Member of Karnataka Legislative Assembly
- Incumbent
- Assumed office 2023
- Preceded by: Shrimant Patil
- Constituency: Kagwad
- In office 2000–2018
- Preceded by: Pasagouda Urf Popat Appagoda Patil
- Succeeded by: Shrimant Patil
- Constituency: Kagwad

Personal details
- Born: 21 May 1958 (age 67) Kudachi, Belgaum
- Party: Indian National Congress (2019–present)
- Other political affiliations: Bharatiya Janata Party (2003–2019), Janata Dal (United) (1999–2003), Independent (1998–1999), Janata Dal (1988–1998), Janata Party (till 1988)
- Occupation: Farmer, politician

= Bharamgouda Alagouda Kage =

Indian politician

Bharamgouda Alagouda Kage or Raju Kage is an Indian politician from Karnataka. He is currently serving as member of Karnataka Legislative Assembly representing Kagwad.

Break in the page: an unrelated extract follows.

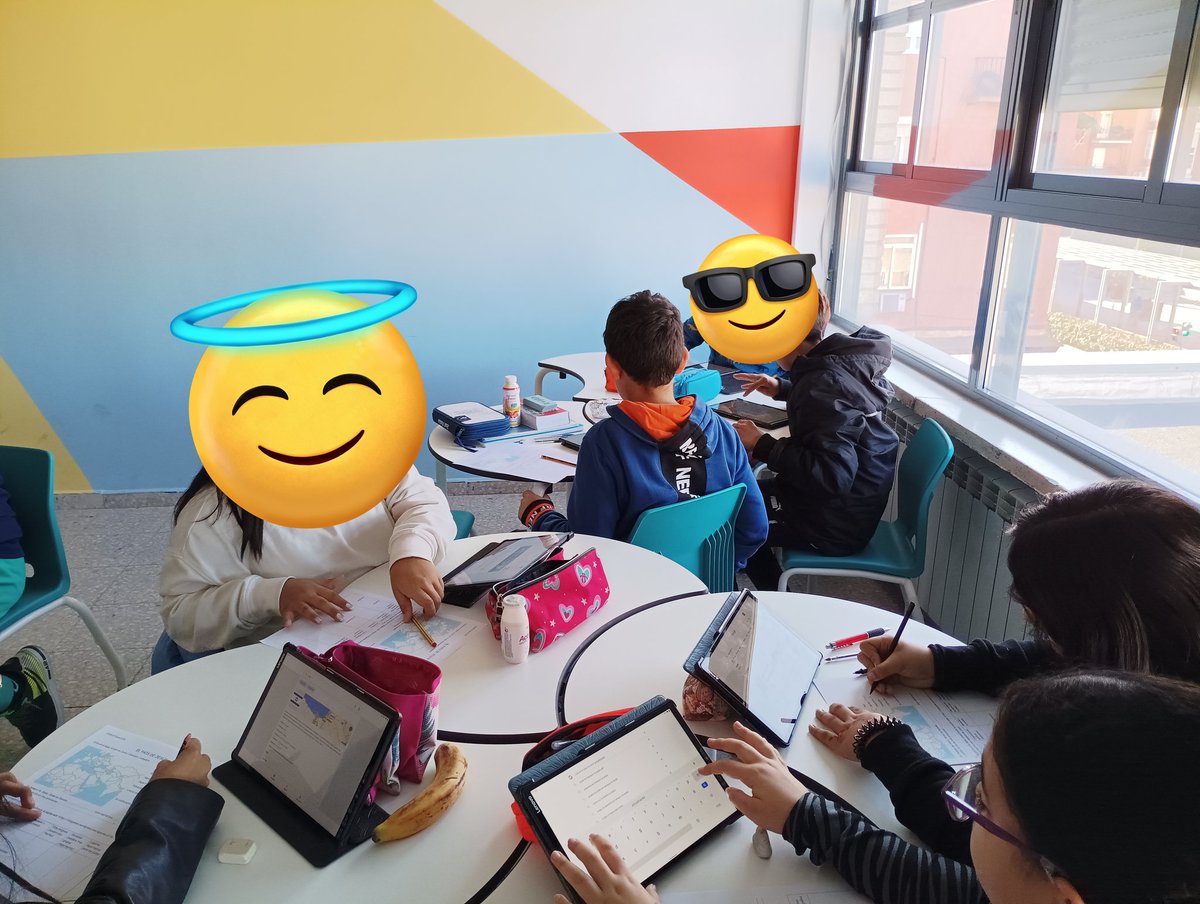 ReliNebrija's tweet photo. Los chicos y chicas de 6° de @ReliNebrija investigan sobre el país de Jesús para planificar un viaje, usando las tablets en el Aula del Futuro #ReliesMas #relimola @dee_archimadrid @ampingibvm https://t.co/cQgKvU9MX7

He was elected to the Karnataka Legislative Assembly from Kagwad 4 times consecutively before getting defeated by Shrimant Patil twice in 2018 Assembly election and 2019 by-election.

He was appointed chairman for Northwest Transport Corporation on 26 January 2024.

==Education==
He completed B.Sc. graduation from R.L.S. College, Belagavi affiliated with Karnatak University, Dharwad in 1980.

==Political career==
He contested from Athani as a Janata Party candidate and was defeated by Pawar Desai Sidharaj of Indian National Congress in 1983.
He became a member of Gram Panchayat in 1993.
He was elected to Belagavi Zilla Panchayat in 1995.
He contested from Kagwad in 1999 as an Independent candidate and was defeated by Pasagouda Urf Popat Appagoda Patil of Indian National Congress.
He was elected to the Karnataka Legislative Assembly from Kagwad for the first time in the 2000 Karnataka Legislative Assembly by-election as Janata Dal (United) candidate. Later he joined Bharatiya Janata Party and was elected from the same constituency in 2004, 2008, 2013.
He was defeated by Shrimant Patil of Indian National Congress in 2018 Assembly Elections. Meanwhile Shrimant Patil resigned and contested again in 2019 Karnataka Legislative Assembly by-elections on BJP ticket. Raju Kage had joined Indian National Congress and was defeated by Shrimant Patil who contested from Bharatiya Janata Party.

==Arrest==
He was arrested for attacking a Congress worker in Belagavi in 2017.